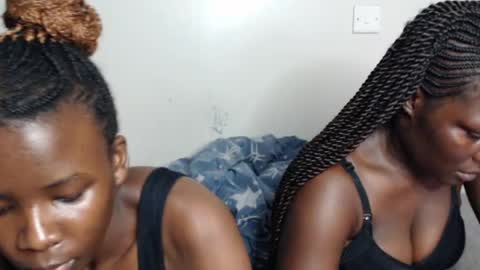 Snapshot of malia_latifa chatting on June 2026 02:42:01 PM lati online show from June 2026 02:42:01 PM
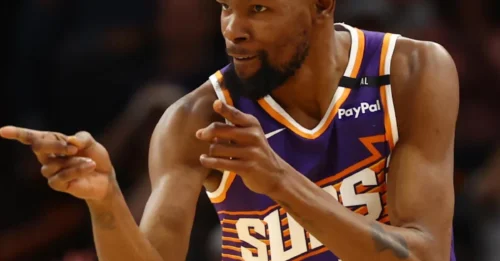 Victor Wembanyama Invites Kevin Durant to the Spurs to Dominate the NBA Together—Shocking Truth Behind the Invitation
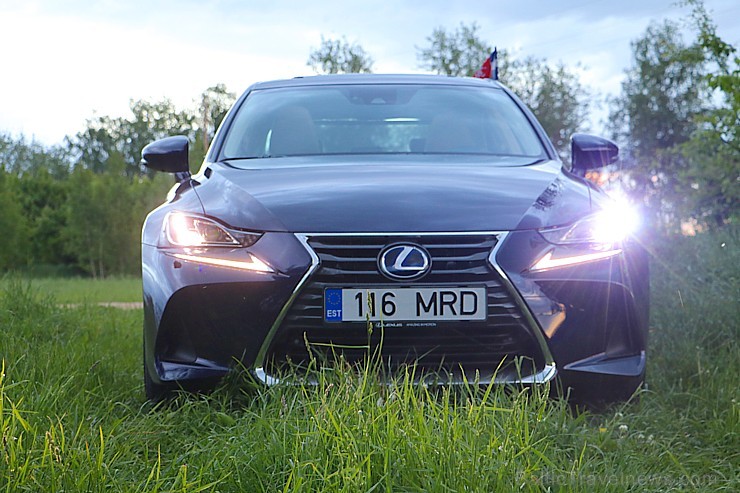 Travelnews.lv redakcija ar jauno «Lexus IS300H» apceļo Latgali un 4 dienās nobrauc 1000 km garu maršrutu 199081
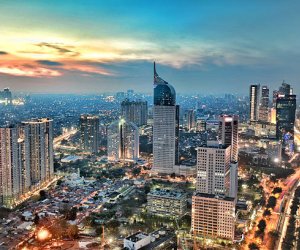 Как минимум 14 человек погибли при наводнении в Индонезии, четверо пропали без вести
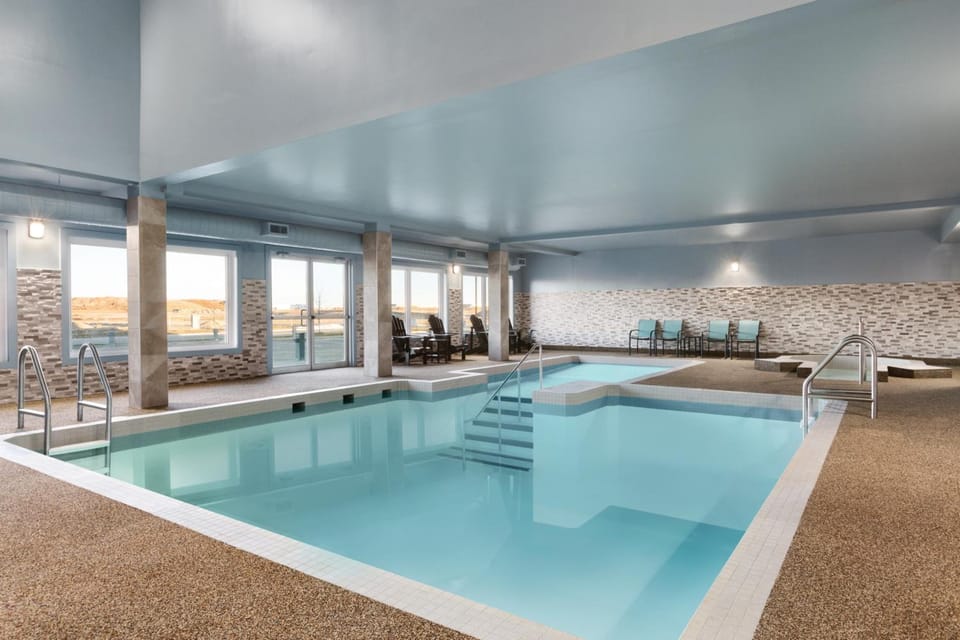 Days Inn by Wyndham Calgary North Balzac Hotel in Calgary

--

* **What you have to do**
The copy you give must run from the line containing "Как минимум 14" through the last line of the records, exactly, with the pictures left out.

* **The completed task**
 Как минимум 14 человек погибли при наводнении в Индонезии, четверо пропали без вести
 Days Inn by Wyndham Calgary North Balzac Hotel in Calgary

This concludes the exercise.